Canadian architect (1909–1986)

Beatrice Centner Davidson (1909 - March 5, 1986) was a Canadian architect living in Ontario.

She was born Beatrice Centner in Toronto. Davidson received her BArch from the University of Toronto in 1930; she received the Toronto Architectural Guild Bronze Medal on graduation. In 1937, she received a MArch, also from the University of Toronto; in the same year, she married Harry Davidson. Davidson worked intermittently for the architectural firm of P.A. Deacon. She also was a research assistant for professor Eric Arthur's book Toronto, No Mean City. She designed two houses in Toronto and designed and supervised the construction of furniture for family and friends.
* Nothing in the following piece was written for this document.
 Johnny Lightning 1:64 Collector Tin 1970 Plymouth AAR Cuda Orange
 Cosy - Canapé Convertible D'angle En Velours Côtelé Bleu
The Toronto Architectural Guild Bronze Medal winner was traditionally hired by a local architectural firm. However, it was felt that Davidson did not have sufficient construction site experience for the job. She was told that she would be given the job if she returned in five years with sufficient relevant experience and if she would agree to not marry for the next ten years.

A home and furniture which she designed were featured in the August 1949 issue of Canadian Homes and Gardens. Davidson served as an ex officio jury member for the 1959 design competition for a new Toronto City Hall.

She died in Toronto at the age of 77.